She called out the extremes. She said it is plausible to consider alcohol neurotoxic at high doses, and excessive use is a modifiable risk factor for dementia.

But she does not treat “a little” alcohol as automatically catastrophic. She said one to two drinks per week likely will not meaningfully impact long-term brain health for most people.

She also added a social angle: drinking in a social setting can be beneficial for the brain through connection and community. The warning is context and quantity.

And there is a genetic nuance. If someone has two copies of APOE4, alcohol might not be their friend. That is one reason knowing your genetic status can be helpful to tailor risk.

What about marijuana and mushrooms? Do they affect dementia risk?

Dr. Niotis took a careful, evidence-driven approach.

Psilocybin mushrooms are being studied more now, especially in psychiatry and mental health contexts, including trauma-related conditions. She said there is no long-term data showing psilocybin is harmful for the brain, and she has seen guided experimentation help certain patients with hard-to-treat mental health issues.

Marijuana is trickier because research has limitations, partly due to how products and consumption patterns have changed over time. She noted that:

  • Teen use has been associated with smaller hippocampi and a higher risk for later conditions like schizophrenia.
  • Acute effects on cognition can last up to 48 hours after use.
  • Long-term risk is less clear, and there is not strong evidence in the way people want there to be.

In practice, she has seen patients who use edibles frequently notice brain fog that creeps up gradually. When they stop, many say their thinking feels sharper almost immediately, even if they did not realize how much it was affecting them.

But the big takeaway is uncertainty. For long-term dementia risk, “we do not know” is an honest and responsible answer.

What about GLP-1 medications and brain health?

She said the data is encouraging, especially for people with diabetes or insulin resistance.

Her explanation:

  • People with diabetes prescribed these drugs show a lower risk of dementia.
  • Compared to other diabetes medications, this class appears to do better for brain outcomes.

Her hypothesis included metabolic mechanisms:

  • Improved body composition
  • Better insulin resistance
  • Reduced systemic inflammation

She also described emerging biomarker work suggesting these drugs may affect disease pathology markers, including tau protein deposition signals in blood over time. She cautioned that whether those changes are “good” or “bad” requires longer follow-up with cognitive testing.

Her bottom line: GLP-1s might have both peripheral and central impacts, and they are a promising area, especially for metabolic-risk-linked brain decline.

Do antidepressants and anxiety medications affect dementia or Parkinson’s risk?

This is a sensitive topic because many studies are confusing. Dr. Niotis explained the idea of confounding: anxiety and depression can be early signs of neurodegenerative disease. So if a study looks backward, it can appear that medications “cause” dementia when what is really happening is that untreated mental health symptoms were an early warning sign.

She said that when research looks prospectively, the medications do not seem to show the same increased risk signal.

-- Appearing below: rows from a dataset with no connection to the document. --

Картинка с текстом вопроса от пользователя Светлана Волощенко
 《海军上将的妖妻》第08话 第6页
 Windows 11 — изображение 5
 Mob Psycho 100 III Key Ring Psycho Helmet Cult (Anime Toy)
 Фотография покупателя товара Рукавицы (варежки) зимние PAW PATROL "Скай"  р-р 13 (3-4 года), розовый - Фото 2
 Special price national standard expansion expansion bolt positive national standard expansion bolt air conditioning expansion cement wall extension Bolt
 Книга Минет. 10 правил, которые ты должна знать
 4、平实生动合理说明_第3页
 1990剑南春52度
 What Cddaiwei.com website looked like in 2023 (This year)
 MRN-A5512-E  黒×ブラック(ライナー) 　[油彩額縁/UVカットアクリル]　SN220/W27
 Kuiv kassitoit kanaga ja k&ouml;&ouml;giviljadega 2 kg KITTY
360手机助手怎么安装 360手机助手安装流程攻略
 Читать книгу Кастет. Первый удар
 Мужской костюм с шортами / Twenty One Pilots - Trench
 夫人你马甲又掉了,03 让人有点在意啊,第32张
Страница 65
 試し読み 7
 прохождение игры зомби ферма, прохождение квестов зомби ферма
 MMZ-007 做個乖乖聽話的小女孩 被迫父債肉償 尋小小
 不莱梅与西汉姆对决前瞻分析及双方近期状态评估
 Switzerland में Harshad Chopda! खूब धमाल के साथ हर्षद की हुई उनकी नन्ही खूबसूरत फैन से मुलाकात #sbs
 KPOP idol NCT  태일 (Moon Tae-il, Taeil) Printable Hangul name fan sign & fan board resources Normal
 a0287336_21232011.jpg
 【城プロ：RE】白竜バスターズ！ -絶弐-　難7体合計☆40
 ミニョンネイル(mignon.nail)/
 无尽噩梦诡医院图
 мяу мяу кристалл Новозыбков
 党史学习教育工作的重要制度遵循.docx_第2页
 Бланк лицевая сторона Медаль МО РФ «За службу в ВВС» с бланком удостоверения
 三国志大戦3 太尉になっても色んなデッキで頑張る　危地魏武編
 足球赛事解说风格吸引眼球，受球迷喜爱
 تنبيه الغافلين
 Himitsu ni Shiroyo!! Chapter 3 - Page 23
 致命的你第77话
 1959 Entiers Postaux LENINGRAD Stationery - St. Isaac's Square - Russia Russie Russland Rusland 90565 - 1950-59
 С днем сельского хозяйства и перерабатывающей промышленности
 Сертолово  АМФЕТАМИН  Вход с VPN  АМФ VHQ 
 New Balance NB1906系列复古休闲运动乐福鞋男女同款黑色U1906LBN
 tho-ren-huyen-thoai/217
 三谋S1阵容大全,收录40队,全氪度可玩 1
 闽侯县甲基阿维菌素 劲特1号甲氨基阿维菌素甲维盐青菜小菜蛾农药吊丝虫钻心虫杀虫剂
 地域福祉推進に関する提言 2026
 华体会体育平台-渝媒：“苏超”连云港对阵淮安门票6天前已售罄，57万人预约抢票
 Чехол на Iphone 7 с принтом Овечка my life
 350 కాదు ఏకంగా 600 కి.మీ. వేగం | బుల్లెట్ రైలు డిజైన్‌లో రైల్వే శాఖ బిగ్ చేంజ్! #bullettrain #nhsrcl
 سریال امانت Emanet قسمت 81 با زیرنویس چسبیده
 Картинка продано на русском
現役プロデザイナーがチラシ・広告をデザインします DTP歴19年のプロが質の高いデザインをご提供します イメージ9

She also discussed specific observations:

  • ADHD appears associated with a higher risk later in life, potentially related to neurodevelopment. However, treatment for ADHD with stimulants or non-stimulants is associated with lower dementia risk in studies.
  • Depression and anxiety disrupt sleep, motivation, socialization, and neurotransmitters. Treating them can be beneficial even beyond neurodegeneration risk.
  • SSRIs have mixed data, but she cited study signals where certain SSRIs like Lexapro have shown potential effects on amyloid protein accumulation in both mice and humans.

Her stance was clear: she is not opposed to treatment when needed. She is opposed to fear-based decisions driven by confusing retrospective associations.

Women are affected more than men by Alzheimer’s. Why?

Dr. Niotis said the answer is multi-factorial and involves both hormones and non-hormonal changes. The overlap matters.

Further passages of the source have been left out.